The captain signaled for more speed. The Iroquois was pushed ahead to get slack. Then the bight of the hawser was cast off the bitts, and the speed of the cutter lessened. Gradually the hawser grew taut. It stretched as tight as a fiddle-string. Then slowly the giant tanker, pressed by the wind, began to turn. The hawser, led through her forward chock, held her bow fast. The wind drove her stern round until she was head to the Iroquois. In another moment the Iroquois herself began to swing. With a startling snap one of the slender stops that held the hawser to the rail parted. Another broke under the strain. The cutter swung further around. One stop after another parted. Finally the Iroquois lay stern to her tow, the hawser taut between them, with no danger of its fouling the propeller.

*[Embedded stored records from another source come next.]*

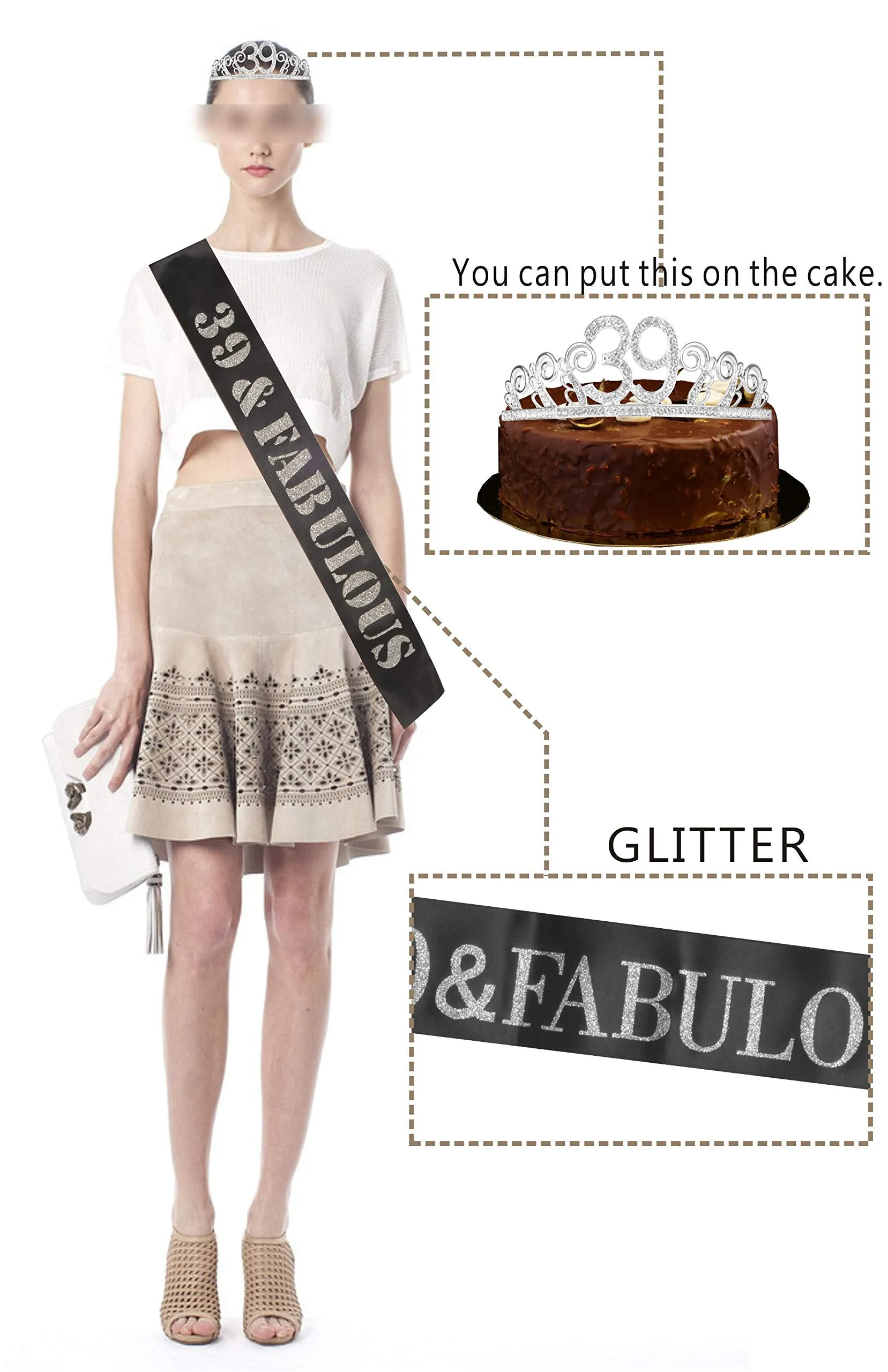 39th Birthday Tiara and Sash silver , 39th Birthday Gifts for lady, HAPPY 39th Birthday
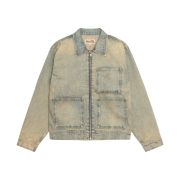 Stussy Denim Zip Work Jacket Beach Wash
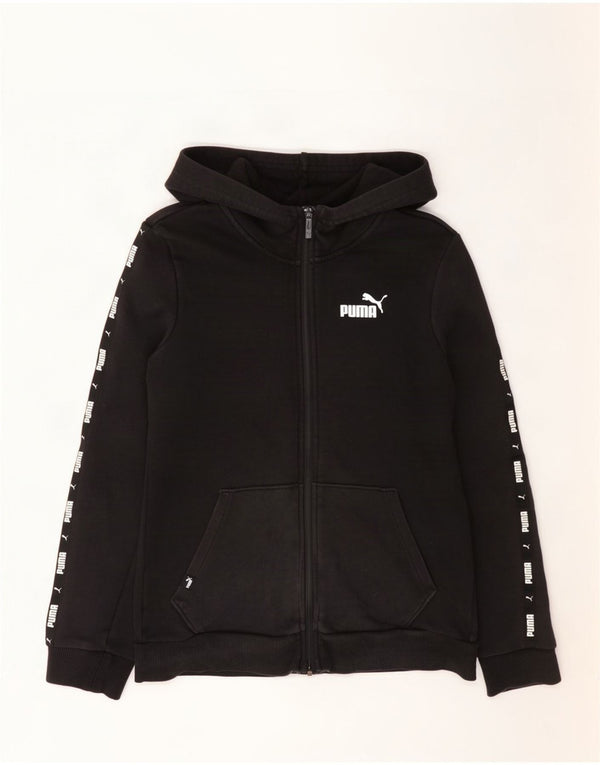 Puma Womens Graphic Oversized Zip Hoodie Sweater UK 10 Small Black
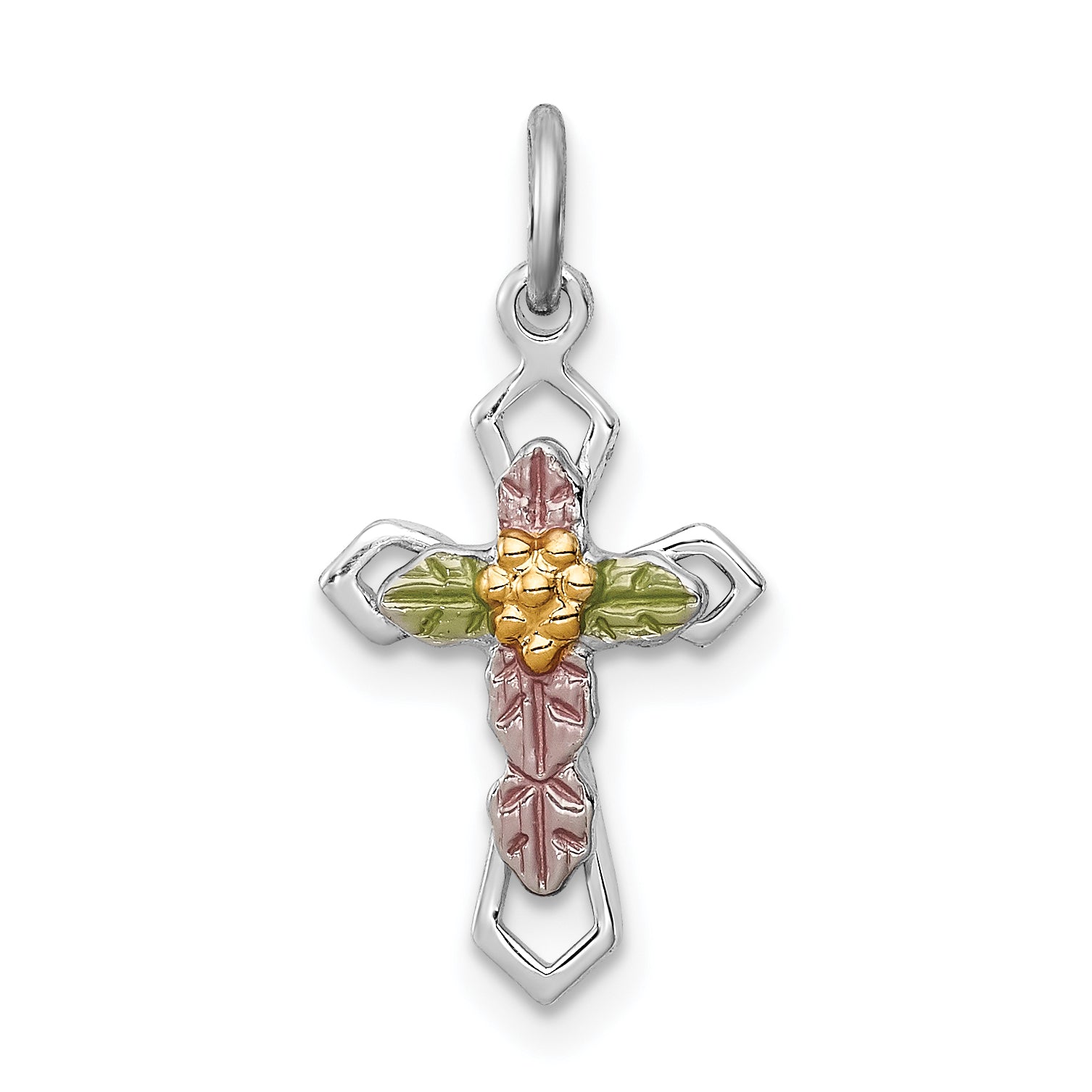 Sterling Silver Rhodium-plated Polished Epoxy & Gold-plated Cross Pendant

In turning, the little cutter lay for a moment in the trough of the sea. She rolled alarmingly. At her first pitch Henry’s chair went sliding across the floor, and pads and pencils flew from the desk. At the same instant a message from the Rayolite began to sound in the lad’s ear. He could not reach his fallen pencils. Instinctively he reached in the pocket of the jacket he was wearing. He found a mass of trash and drew it forth, hoping to find a pencil. There were strings, matches, cigarette papers, bits of chalk, and other articles. Among the mass shone two slender little cylinders of metal that made Henry’s heart fairly stop beating. They were two slender finishing nails.